Faccio fatica a trovare le parole per dirle il grande piacere che mi ha procurato il vostro elogio della mia Isola sul lago di Innisfree. Dopo tutto è l’approvazione o la disapprovazione degli altri artigiani, soprattutto di quelli che sono riusciti a raggiungere quella perfezione di espressione che tanto si va cercando a tentoni, che spinge gli altri a proseguire nel proprio lavoro - anche quando è meglio sognare solo sogni silenziosi.
Mio nonno, un vecchio marinaio in pensione, innamorato del proprio mestiere - e l’esatto opposto della figura del letterato - ha letto L’isola del tesoro sul proprio letto di morte, rimanendone enormemente soddisfatto. È pressoché l’unico libro che io sappia lui abbia letto. Mi sbalordisco per questo tipo di voce, quella che è in grado di deliziare studiosi e spiriti da clausura e può, tuttavia, fare ammutolire di ammirazione gente come mio nonno. Allo stesso modo mi meraviglia sapere che la voce di uno scrittore sia riuscita a calmare il mare agitato della vecchiaia.

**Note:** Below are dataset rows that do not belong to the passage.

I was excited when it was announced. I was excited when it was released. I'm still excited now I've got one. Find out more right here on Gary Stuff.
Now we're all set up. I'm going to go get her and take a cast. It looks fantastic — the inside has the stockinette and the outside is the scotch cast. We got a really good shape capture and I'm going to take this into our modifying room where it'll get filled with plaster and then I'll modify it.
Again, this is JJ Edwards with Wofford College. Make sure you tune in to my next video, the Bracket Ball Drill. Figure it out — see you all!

Chiederò al mio editore di mandarle una copia del mio prossimo libro, Ombre sulle acque. Non lo consideri un dono che esige un ringraziamento, ma un segno della mia gratitudine per le sue parole gentili.
Sinceramente suo

A Stéphane Mallarmé, 24 febbraio 1894

Gentile signore
Paul Verlaine, sapendo del mio grande desiderio di incontrarvi, mi ha detto di usare pure il suo nome per presentarmi a voi. Sto lasciando Parigi per tornare a Londra, lunedì o martedì, e proverò a chiamarvi domenica pomeriggio verso le quattro, quattro e mezza, nella speranza di trovarvi.

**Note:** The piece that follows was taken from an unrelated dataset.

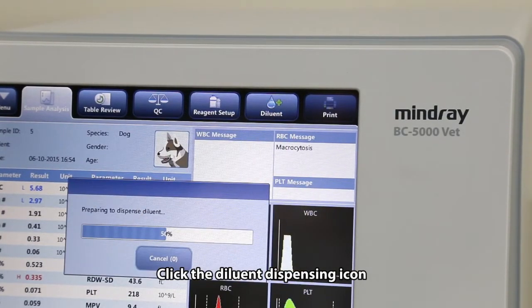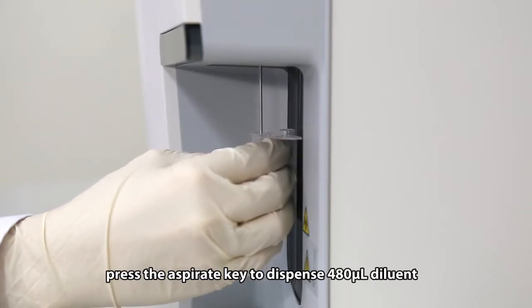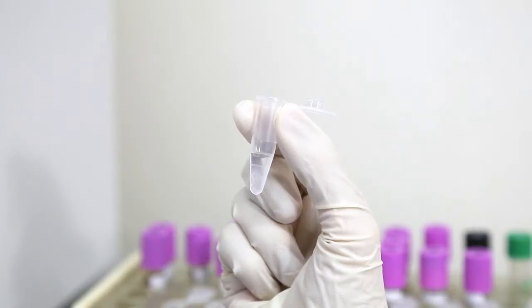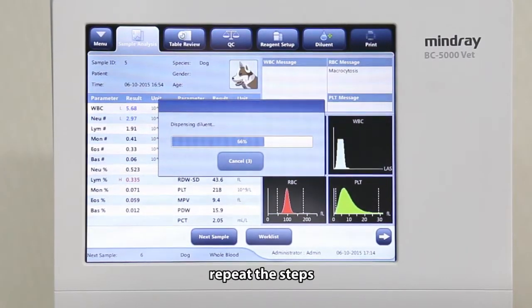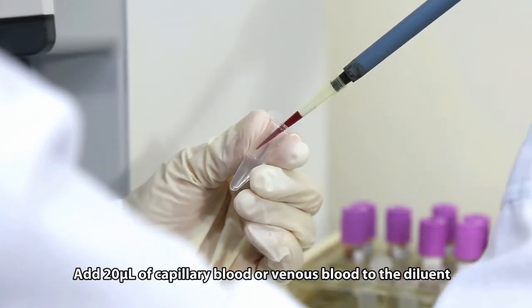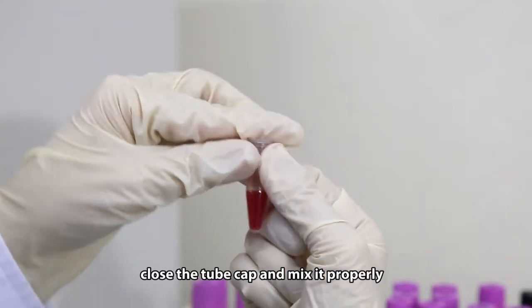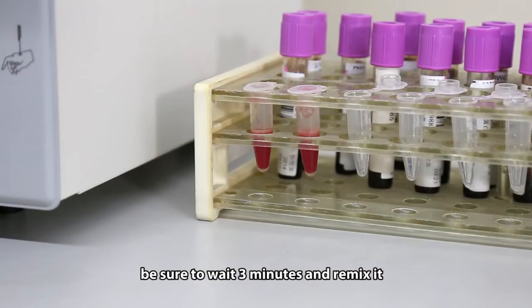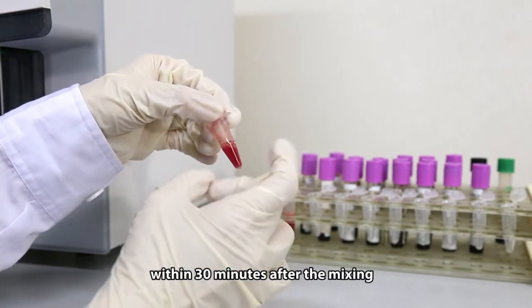Click the diluent dispensing icon, then present a clean tube to the sample probe. Press the aspirate key to dispense 480 microliters of diluent. To continue with diluent dispensing, repeat the steps. Click cancel after preparing all the diluents. Add 20 microliters of capillary blood or venous blood to the diluent. Close the tube cap and mix it properly. After mixing the capillary sample with the diluent, be sure to wait 3 minutes and remix it before running the pre-diluted sample.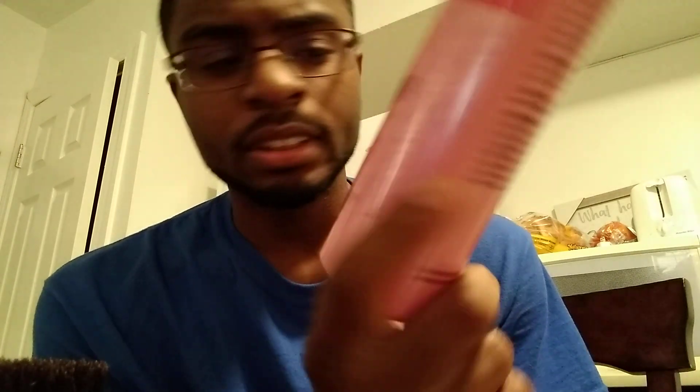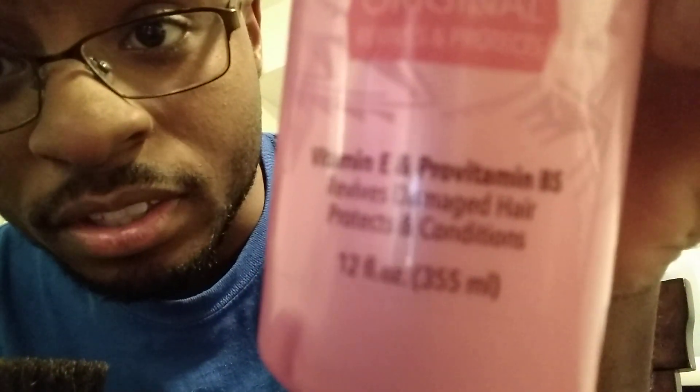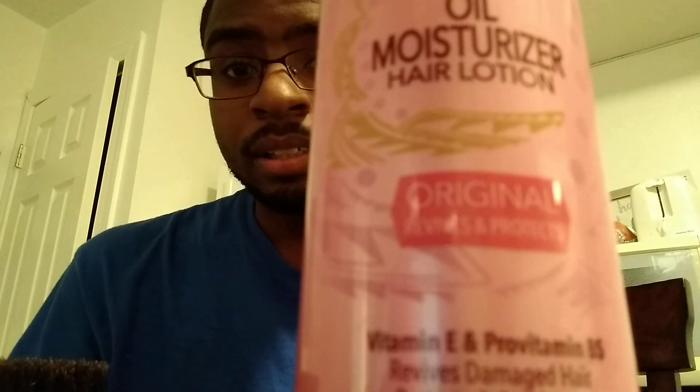This is what I use — it's Luster's Pink Oil Moisturizer hair lotion. It's the original, it revives and protects, has vitamin E, revives damaged hair, and conditions. And I have a palm brush, just got it, medium size. I also have two do-rags, and I'll go over why I have two.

Mi permetta di ricordarle che il signor Henley è un mio amico e che io (così come voi) sono collaboratore del National Observer.
Sinceramente vostro
W. B. Yeats
Non disturbatevi a rispondermi, riusciremo in qualche modo a incontrarci

A George Bernard Shaw, ottobre 1901

Mio caro Shaw,
ti scrivo per esortarti a venire a vedere il nostro «Teatro» quest’anno. Scoprirai che tutto ciò che di vivo c’è a Dublino \ è qui riunito... ci metteremo a parlare, se ne avrai voglia. Vieni, dunque, e aiutaci a creare ancora più baccano. Sia Lady Gregory - che mi ospita - che io siamo molto dispiaciuti del fatto di non aver provato ed essere riusciti ad avere la tua The devils diciple per il nostro teatro. Era la pièce giusta per questo paese - come anche tu mi hai detto - ma non l’avevo capito.

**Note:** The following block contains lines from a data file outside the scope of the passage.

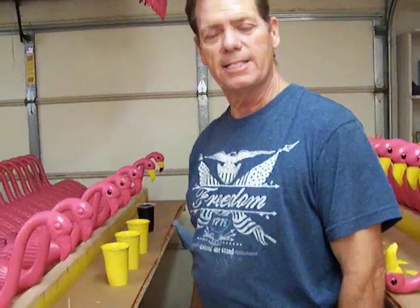Hi Dylan, it's me Travis, and if you're watching this, that means we've got a deal and you're going to make some flamingos for me. I wanted to briefly go through how I prep the flamingos and I would like you to consider this when you prep them also.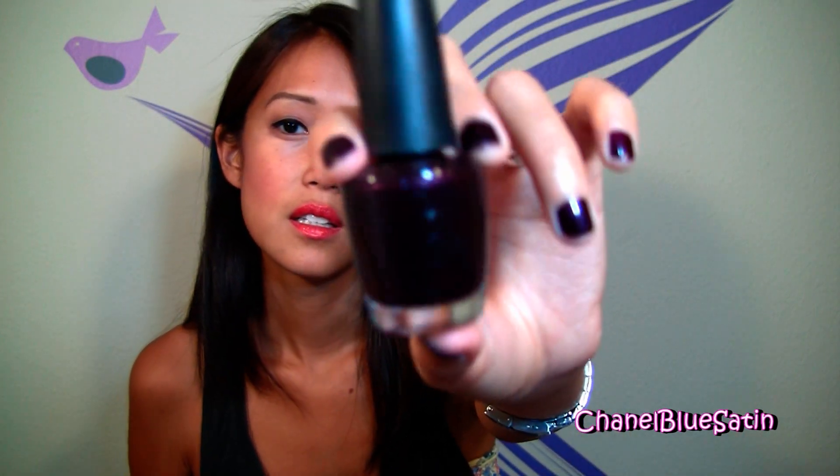Speaking of OPI, what I have on my nails right now is OPI Linkin Park After Midnight. The difference between After Midnight and After Dark is that After Midnight has sparkles in it. So that's what I have on my nails.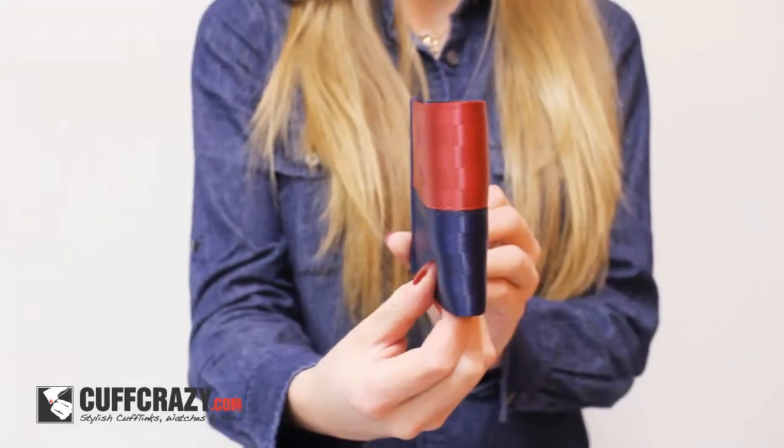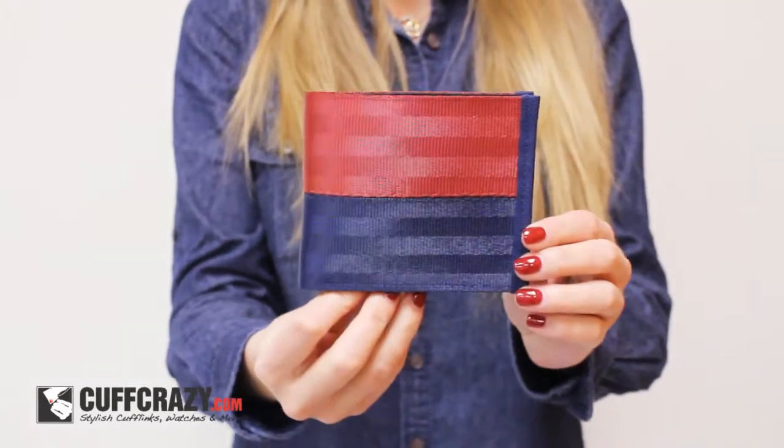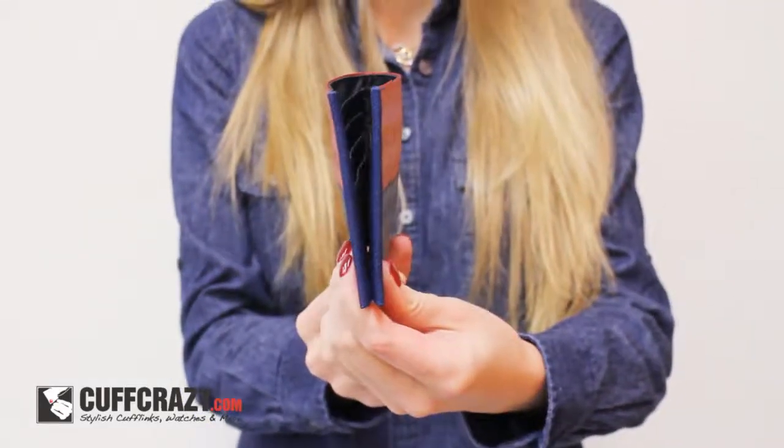Hi everyone, I'm your host Alyssa and today I'm going to show you this Harvey's Seatbelt Label Wallet. This label wallet from Harvey's is a truly unique bifold made from genuine automotive seatbelt material.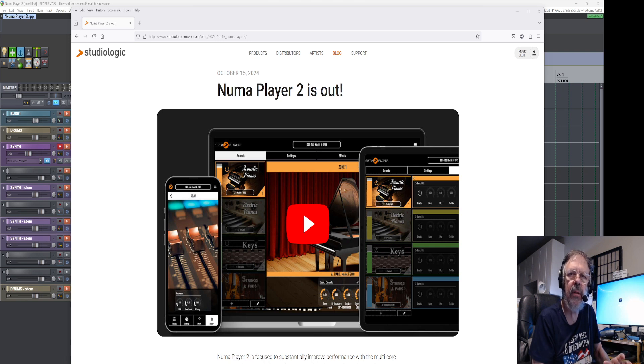Hello and welcome to my channel. In this video, we're going to be discussing the Numa Player version 2 that came out. I have version 1 on my Windows 7. Version 2 will not work on Windows 7, so it's on my Windows 11, which I was going to put on anyways. We'll go through the sounds and stuff so that you can see. It's basically piano and strings, but it's really good to have it in your arsenal. It's free, though I think you do have to sign up for an account.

Alcuni giovani estremisti nazionalisti hanno cominciato a leggere le tue cose con grande soddisfazione. The United Irishman ha fatto una lunga citazione del tuo Napoleon riguardo a un personaggio inglese qualche settimana fa. Sono sicuro che sarebbero pronti a darti il benvenuto con grande entusiasmo.